Poor nutrition, poor sanitation, and infectious diseases all contributed to the problem. Steps were eventually taken to improve conditions—modern sewer and water systems were developed, parents became better educated about nutrition, and a health officer quarantined families whose members had smallpox, measles, and other dangerous diseases.
For children who did perish, the Victorian era saw increasingly elaborate funerals. Richer families would contact one of the funeral parlors that opened in Tucson (the first by E. J. Smith in 1878) and purchase a coffin, robe, and embalming, and hire a hearse to transport the body to the cemetery. Sometimes photographers were asked to take a picture of the deceased child. Poorer families might make their own coffin and have a mass at the Catholic cathedral.
Work conducted by Statistical Research, Inc., prior to the construction of the Joint Courts complex at Stone and Toole Avenues resulted in the excavation of over 1,000 graves from the Alameda-Stone Cemetery (known historically as the National Cemetery). They found many children buried wearing crowns of artificial flowers, symbolic of their innocence.
Desert Archaeology has excavated several child burials in the Court Street Cemetery. Children were buried in coffins with special decorations—a lamb seated beneath a cross, doves, or handles bearing the phrase “OUR DARLING.” Two coffins in the International Order of Red Men plot had bouquets and wreaths of roses placed on their lids. Clearly, although common, the death of a child was still a traumatic experience for parents.
Excavating children’s things can be a curious experience for the archaeologist.
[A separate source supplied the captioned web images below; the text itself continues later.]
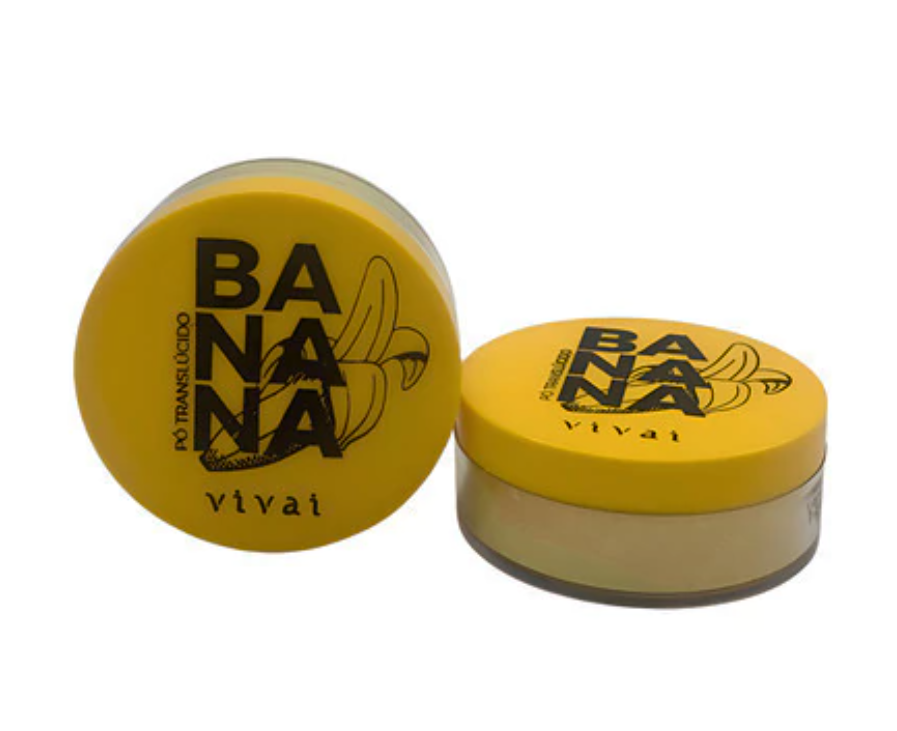 PÓ TRANSLÚCIDO BANANA – Vivai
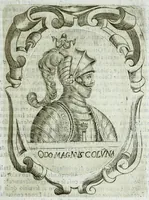 Picture 40 of 63 from Historia della augustissima famiglia Colonna, dove si contiene l'antica sua origine, descendenza, e progressi, vite de santi, de papi, cardinali, e capitani più illustri di essa, laconicamente (1658), leaf 223
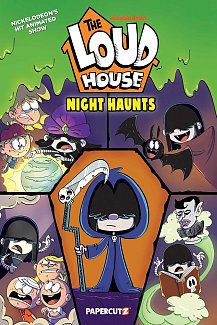 Loud House Vol. 28: Night Haunts comics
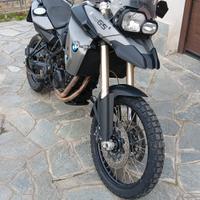 BMW f800 gs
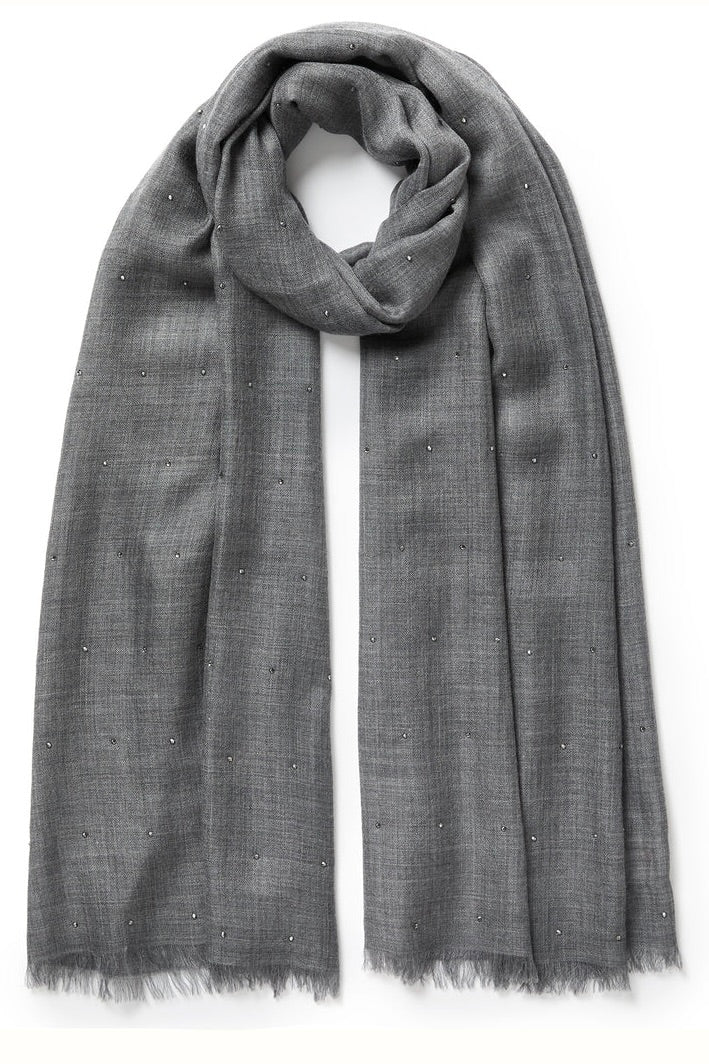 The Crystal Wrap - Iron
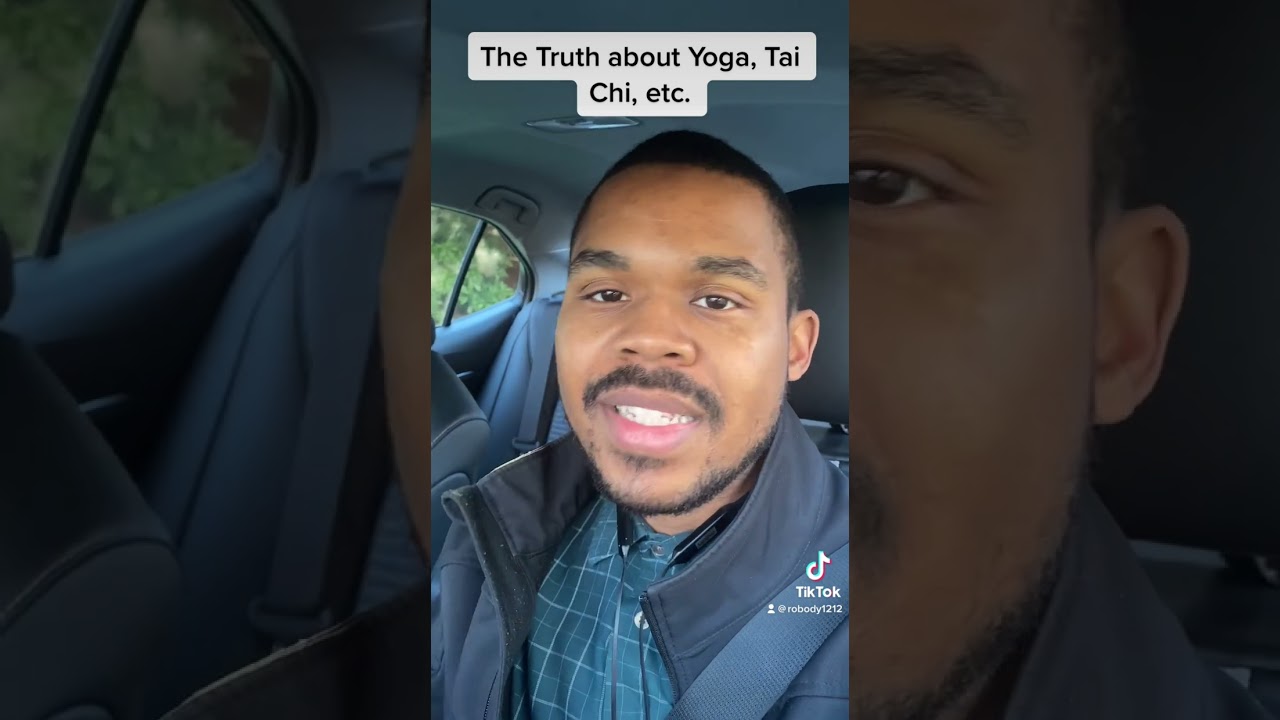 The Truth About Yoga and Tai Chi
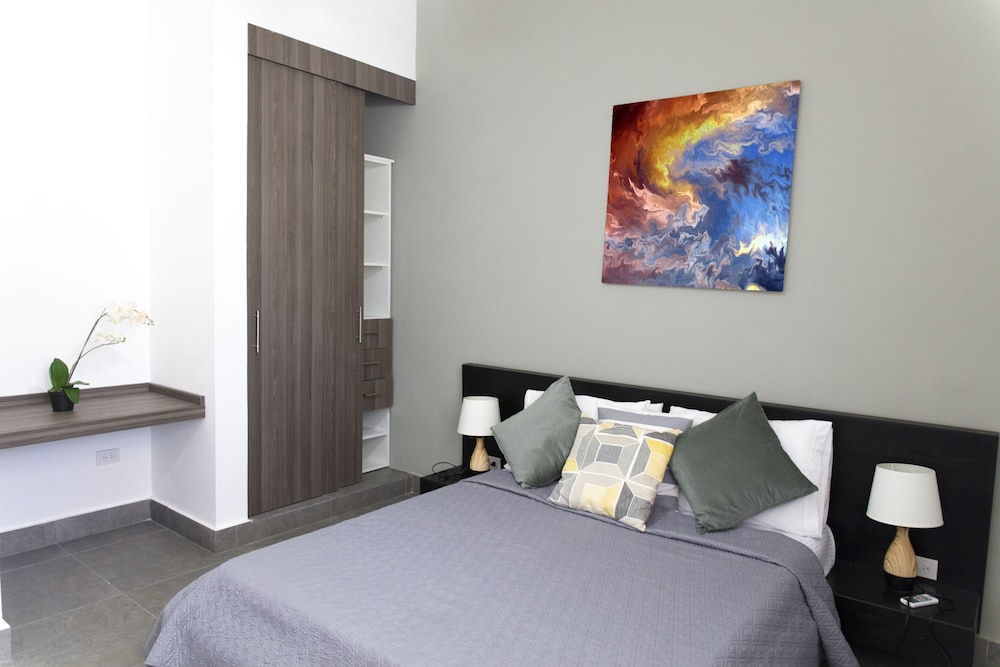 Family Penthouse, 3 Bedrooms, Ocean View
Hundred-year-old broken toys can bring back memories of our own childhoods, for many of us the days prior to computer games, when toys taught you things and might also have been a little dangerous (remember lawn darts?). Coffin decorations make you think about the perilous nature of childhood back before a quick vaccination or a antibiotic shot could prevent illness or save a child from death. Regardless of the nostalgia or sentimentality they might spur, these finds play an important role in filling out our understanding of daily life in Territorial-era Tucson, particularly regarding the lives of children who might have little other than a line in a census record to document them.